04. – 09. Juni 2000, Dagstuhl Seminar 00231
Topology in Computer Science: Constructivity; Asymmetry and Partiality; Digitization
R. Kopperman (New York), M. Smyth (London), D. Spreen (Siegen)
Auskunft zu diesem Dagstuhl Seminar erteilt
Topological notions and methods have successfully been applied in various areas of computer science. The seminar we propose will concentrate on the following aspects: constructivity, asymmetry and partiality, and digitization. These key words not only describe the main line of present-day research in computer science oriented topology, but also reflect the various features in which topological spaces used in computer science applications differ from those classically studied in mathematics.
In great part, topological research in computer science originates from work on the formal description of programming language semantics and on automated program verification. Because of this connection constructive (effective) approaches to the theory of semantic domains and the relation of such domains to logic have been considered from the very beginning.
Nowadays this work is continued in research on Effective Topologies, Locale Theory and Formal Topologies. In studies on Formal Topology the theories of Scott domains and of metric spaces (especially the real numbers) are developed in the framework of higher-order formal intuitionistic logic.
- Asymmetry and Partiality
Both notions are characteristic for topological spaces used in computer science, as opposed to those considered in classical mathematics. Typically, a space considered in theory of computation is a space of partially defined objects which represent stages of some computation process. As a result of this, given two points, in general only one of them is separable from the other by an observable (or positive) property: whenever a (partial) object satisfies such a property, then also every more fully defined object must satisfy it. Thus a topology based on such properties can satisfy only very weak separation axioms. In the usual spaces coming from applications in analysis or physics, however, two points can symmetrically be separated by a pair of disjoint properties. In other words, the spaces are at least Hausdorff.
In recent years, early ideas of Scott and Weihrauch/Schreiber to embed the real numbers or, more generally, metric spaces in suitable Scott domains formed by intervals or spheres, respectively, have been taken up again. The program is to develop an important part of analysis starting with domains which contain not only the real numbers, but also their "unsharp" approximations. In this way one will come up with data structures and algorithms for numerical computations that are superior to those based on floating point representation and arithmetic.
Another line of research which is characterized by the above notions is the work on generalized metrics and quasi uniform spaces. By relaxing the classical requirements for a metric space categories of spaces are defined that contain Scott domains as well as metric spaces. Both types of spaces are used in giving meaning to certain programming language constructs.

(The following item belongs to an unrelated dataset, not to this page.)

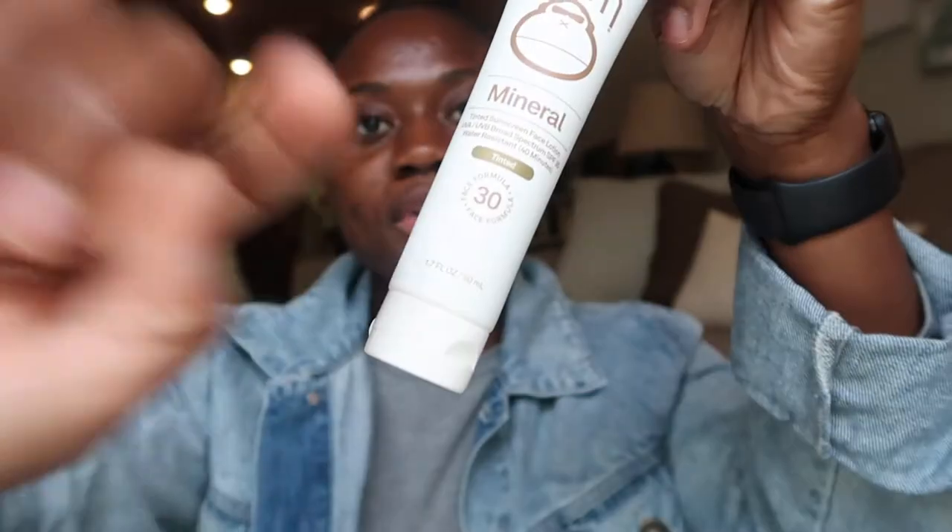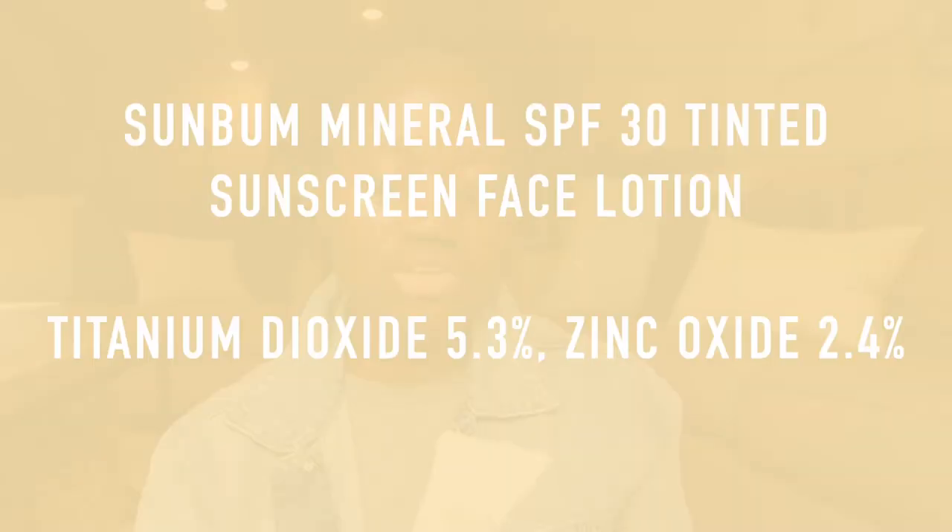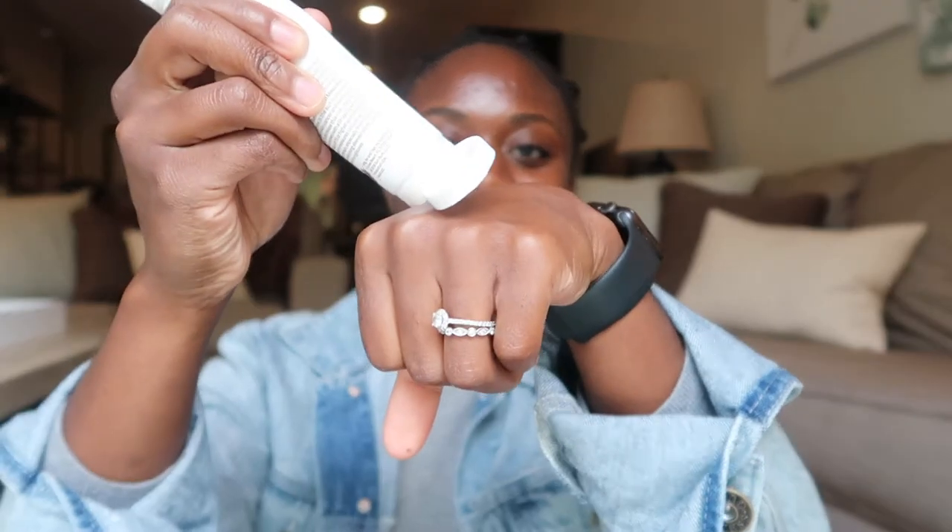This Sun Bum Mineral Tinted Sunscreen is their face formula in SPF 30. Since it's a mineral sunscreen you want to give it a good shake. I've honestly never found a mineral sunscreen that doesn't leave a white cast, but this one is tinted so maybe it'll work. The color is like peach and I'm clearly brown, so I'm just going to do a little bit here — yeah, I don't know about this one.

As has been shown this approach not only leads to a unified theory to be used in programming language semantics, but also allows the study of quantitative aspects of computations, which is impossible when dealing merely with Scott domains.
This draws attention to the digital nature of most computer applications. Starting from classical applications in physics, most topological notions have been developed by having the continuum in mind. In computer science applications they very often turn out to be no longer applicable in their classical form, or even to be meaningless, which means that they have to be redefined. Work done here is also basic to the other subfields of topology in computer science.
Obviously, all aspects mentioned above are strongly intertwined. The research trends characterized hereby originate from the same applications and basic studies. Moreover, most researchers in the field work on several of the subfields reported above.
There has been much work on the above mentioned aspects of topology in computer science in recent years, and substantial results have been obtained. But this work is, for the most part, scattered around in various conferences (e.g. the Workshop on Mathematical Foundations of Program Semantics, Workshop on Domains, logic meetings, Northeastern Conference on Topological Methods in Computer Science, and conferences on General Topology and its Applications). It is the goal of the workshop to create a common forum for the exchange of ideas and results.
Moreover, it is our aim to encourage communication and, hopefully, collaboration between computer scientists and those mathematicians who work on similar problems but from a different perspective and who, often, are not aware of the computer science motivations.